» **EXERCISE MATERIAL**:
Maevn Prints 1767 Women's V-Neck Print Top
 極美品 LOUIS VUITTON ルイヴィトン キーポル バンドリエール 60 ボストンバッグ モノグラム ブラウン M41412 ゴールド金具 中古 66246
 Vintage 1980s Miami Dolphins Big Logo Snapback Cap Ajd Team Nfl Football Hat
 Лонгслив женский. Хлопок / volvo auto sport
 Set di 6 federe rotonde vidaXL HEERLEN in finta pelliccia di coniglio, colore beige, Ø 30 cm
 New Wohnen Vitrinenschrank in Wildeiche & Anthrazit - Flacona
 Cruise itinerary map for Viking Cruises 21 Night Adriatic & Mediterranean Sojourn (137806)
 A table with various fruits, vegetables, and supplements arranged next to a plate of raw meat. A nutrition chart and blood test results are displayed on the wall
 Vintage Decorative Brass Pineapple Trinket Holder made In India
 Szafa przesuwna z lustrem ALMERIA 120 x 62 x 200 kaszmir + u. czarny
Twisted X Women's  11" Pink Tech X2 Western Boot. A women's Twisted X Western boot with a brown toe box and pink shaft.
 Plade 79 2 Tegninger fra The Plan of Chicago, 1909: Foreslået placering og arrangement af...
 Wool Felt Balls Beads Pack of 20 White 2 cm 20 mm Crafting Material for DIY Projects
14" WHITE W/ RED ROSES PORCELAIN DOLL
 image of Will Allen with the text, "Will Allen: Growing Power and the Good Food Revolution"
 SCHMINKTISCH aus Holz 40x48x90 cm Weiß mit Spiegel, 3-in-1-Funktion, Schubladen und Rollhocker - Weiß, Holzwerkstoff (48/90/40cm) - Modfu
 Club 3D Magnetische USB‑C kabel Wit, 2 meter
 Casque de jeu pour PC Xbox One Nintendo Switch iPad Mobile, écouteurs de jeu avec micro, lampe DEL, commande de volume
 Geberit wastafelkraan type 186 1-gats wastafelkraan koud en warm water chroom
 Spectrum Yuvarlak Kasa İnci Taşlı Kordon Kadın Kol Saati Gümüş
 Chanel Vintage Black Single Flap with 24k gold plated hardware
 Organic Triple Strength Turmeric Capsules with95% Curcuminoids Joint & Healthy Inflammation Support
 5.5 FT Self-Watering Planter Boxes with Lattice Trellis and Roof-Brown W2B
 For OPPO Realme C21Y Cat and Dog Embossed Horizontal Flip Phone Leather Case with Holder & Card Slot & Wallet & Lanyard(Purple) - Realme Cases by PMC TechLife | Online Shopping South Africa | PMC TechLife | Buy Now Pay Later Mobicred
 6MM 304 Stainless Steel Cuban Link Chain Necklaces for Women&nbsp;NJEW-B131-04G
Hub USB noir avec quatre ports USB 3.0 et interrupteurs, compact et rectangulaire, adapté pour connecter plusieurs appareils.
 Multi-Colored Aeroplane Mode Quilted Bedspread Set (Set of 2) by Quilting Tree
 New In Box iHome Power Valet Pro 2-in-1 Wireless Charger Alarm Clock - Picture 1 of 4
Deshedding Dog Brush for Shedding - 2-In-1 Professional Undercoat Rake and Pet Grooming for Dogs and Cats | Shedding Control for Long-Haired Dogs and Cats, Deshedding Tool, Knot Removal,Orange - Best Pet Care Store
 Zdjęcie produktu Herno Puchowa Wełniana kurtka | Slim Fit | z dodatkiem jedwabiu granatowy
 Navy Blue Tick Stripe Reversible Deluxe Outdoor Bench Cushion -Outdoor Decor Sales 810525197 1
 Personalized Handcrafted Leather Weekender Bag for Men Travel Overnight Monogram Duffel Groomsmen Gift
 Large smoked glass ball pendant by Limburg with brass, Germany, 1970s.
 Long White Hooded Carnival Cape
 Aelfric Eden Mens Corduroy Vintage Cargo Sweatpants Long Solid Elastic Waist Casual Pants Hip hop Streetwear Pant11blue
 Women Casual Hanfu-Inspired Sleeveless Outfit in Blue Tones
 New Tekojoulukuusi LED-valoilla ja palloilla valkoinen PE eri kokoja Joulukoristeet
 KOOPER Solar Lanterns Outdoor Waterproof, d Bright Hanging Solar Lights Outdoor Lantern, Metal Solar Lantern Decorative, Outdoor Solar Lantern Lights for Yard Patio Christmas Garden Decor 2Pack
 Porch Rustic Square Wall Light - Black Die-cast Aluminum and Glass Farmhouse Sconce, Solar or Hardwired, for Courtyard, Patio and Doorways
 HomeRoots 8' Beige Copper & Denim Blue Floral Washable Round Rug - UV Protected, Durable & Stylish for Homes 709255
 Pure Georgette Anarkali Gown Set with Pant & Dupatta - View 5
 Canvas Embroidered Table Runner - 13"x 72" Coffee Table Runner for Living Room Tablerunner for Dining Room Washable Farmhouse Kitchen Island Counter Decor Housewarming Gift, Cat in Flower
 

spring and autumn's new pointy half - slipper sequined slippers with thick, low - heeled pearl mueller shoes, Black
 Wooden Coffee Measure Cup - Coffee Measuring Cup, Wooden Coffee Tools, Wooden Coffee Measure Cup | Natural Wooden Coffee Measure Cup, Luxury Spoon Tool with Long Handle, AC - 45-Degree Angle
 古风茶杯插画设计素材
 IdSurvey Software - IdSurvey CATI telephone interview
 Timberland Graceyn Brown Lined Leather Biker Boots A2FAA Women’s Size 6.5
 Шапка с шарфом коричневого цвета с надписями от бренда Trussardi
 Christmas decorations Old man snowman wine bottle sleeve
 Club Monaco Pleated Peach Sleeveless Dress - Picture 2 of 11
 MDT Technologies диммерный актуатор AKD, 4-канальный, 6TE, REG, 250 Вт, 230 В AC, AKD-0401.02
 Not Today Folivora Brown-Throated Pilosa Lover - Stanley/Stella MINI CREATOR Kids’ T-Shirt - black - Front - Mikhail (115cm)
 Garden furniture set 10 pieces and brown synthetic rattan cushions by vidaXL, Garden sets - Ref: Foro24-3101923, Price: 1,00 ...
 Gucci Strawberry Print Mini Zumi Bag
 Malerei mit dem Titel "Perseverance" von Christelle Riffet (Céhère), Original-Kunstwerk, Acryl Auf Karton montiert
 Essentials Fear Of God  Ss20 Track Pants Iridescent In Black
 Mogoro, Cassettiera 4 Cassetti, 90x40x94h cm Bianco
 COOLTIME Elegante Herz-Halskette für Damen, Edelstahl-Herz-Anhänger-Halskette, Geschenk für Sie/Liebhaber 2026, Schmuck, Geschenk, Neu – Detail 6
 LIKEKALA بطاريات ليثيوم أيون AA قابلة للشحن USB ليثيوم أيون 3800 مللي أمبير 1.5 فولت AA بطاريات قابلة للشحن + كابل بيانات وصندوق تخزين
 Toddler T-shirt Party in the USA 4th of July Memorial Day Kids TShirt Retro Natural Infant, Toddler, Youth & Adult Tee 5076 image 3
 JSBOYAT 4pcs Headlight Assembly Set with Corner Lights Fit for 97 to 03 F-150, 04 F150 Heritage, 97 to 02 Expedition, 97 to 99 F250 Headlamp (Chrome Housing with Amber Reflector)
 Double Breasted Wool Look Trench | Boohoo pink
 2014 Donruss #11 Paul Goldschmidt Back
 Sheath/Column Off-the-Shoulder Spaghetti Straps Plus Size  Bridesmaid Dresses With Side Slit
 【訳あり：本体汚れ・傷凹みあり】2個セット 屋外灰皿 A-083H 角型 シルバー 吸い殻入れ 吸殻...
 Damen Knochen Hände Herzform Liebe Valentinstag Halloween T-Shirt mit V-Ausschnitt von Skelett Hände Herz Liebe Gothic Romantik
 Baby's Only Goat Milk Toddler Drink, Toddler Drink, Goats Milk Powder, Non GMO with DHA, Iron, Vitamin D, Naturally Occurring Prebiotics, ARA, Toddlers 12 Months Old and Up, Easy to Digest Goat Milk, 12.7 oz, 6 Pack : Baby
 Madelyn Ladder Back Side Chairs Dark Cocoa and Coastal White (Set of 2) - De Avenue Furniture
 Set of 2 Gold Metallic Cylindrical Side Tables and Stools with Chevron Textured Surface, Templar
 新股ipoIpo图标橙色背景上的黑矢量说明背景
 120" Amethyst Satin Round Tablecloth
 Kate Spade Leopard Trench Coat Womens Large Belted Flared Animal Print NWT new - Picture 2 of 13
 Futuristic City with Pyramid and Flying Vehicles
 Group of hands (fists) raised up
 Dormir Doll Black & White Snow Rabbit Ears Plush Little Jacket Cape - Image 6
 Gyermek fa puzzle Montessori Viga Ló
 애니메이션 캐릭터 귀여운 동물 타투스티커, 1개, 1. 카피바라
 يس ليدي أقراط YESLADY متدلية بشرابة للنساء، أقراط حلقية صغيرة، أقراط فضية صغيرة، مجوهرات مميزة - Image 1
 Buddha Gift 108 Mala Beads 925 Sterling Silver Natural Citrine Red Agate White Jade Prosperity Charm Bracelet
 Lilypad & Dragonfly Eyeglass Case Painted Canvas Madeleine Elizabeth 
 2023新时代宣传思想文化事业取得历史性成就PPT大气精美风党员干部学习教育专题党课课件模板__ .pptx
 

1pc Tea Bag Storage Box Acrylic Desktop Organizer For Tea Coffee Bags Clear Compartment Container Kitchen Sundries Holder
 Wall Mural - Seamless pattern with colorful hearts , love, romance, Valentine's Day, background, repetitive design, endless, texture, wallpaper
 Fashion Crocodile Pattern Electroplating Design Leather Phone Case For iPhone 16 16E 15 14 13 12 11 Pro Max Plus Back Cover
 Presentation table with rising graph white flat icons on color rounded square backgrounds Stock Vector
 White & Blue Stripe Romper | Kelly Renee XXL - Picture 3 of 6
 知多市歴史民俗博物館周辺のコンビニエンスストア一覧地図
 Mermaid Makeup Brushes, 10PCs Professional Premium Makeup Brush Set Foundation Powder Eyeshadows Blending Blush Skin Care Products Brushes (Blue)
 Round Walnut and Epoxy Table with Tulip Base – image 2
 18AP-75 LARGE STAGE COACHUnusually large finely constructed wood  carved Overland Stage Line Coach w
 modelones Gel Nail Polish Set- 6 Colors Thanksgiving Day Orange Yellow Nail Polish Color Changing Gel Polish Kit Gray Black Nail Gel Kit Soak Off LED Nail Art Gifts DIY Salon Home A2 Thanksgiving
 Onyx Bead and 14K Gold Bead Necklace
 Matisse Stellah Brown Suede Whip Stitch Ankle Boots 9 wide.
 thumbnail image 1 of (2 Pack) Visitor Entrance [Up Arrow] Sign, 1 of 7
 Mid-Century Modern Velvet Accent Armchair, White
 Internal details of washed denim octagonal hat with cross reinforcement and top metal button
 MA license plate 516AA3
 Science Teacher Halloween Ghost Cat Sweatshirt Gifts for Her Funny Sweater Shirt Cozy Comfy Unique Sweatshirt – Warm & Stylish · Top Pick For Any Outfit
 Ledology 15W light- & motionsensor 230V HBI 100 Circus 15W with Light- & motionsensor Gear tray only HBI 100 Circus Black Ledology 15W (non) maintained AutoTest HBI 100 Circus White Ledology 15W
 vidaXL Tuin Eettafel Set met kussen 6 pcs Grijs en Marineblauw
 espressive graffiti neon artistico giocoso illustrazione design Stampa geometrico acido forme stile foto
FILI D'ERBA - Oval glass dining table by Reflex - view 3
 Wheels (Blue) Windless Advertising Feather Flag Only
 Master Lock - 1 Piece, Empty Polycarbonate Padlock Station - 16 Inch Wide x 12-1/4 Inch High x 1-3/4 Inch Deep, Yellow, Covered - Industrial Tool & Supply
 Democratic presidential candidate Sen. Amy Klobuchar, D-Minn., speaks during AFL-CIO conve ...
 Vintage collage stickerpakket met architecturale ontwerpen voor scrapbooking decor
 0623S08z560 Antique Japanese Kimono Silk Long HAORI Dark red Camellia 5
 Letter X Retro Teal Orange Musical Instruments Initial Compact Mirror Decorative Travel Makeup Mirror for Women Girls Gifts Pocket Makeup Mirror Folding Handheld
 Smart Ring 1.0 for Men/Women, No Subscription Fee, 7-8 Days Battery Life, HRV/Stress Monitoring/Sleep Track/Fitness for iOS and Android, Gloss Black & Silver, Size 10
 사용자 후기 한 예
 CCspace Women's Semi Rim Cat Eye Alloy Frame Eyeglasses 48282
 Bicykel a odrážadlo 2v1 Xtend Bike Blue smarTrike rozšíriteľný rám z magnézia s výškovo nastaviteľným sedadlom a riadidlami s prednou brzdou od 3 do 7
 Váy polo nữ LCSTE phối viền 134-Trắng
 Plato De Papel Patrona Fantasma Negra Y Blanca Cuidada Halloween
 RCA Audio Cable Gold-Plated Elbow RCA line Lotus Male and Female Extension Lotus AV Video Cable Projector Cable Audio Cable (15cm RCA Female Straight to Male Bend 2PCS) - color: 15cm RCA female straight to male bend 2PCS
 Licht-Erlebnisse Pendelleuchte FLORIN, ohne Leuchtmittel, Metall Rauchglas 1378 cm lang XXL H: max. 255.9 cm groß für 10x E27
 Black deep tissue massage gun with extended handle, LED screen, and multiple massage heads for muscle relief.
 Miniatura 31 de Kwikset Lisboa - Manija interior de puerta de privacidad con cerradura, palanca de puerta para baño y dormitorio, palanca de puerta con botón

» **WHAT TO DO**:
Everything in the material above from the line that has "Matisse Stellah Brown" through the line that has "espressive graffiti neon" must be duplicated exactly, with no other lines given.

» **REPLY TO THE EXERCISE**:
 Matisse Stellah Brown Suede Whip Stitch Ankle Boots 9 wide.
 thumbnail image 1 of (2 Pack) Visitor Entrance [Up Arrow] Sign, 1 of 7
 Mid-Century Modern Velvet Accent Armchair, White
 Internal details of washed denim octagonal hat with cross reinforcement and top metal button
 MA license plate 516AA3
 Science Teacher Halloween Ghost Cat Sweatshirt Gifts for Her Funny Sweater Shirt Cozy Comfy Unique Sweatshirt – Warm & Stylish · Top Pick For Any Outfit
 Ledology 15W light- & motionsensor 230V HBI 100 Circus 15W with Light- & motionsensor Gear tray only HBI 100 Circus Black Ledology 15W (non) maintained AutoTest HBI 100 Circus White Ledology 15W
 vidaXL Tuin Eettafel Set met kussen 6 pcs Grijs en Marineblauw
 espressive graffiti neon artistico giocoso illustrazione design Stampa geometrico acido forme stile foto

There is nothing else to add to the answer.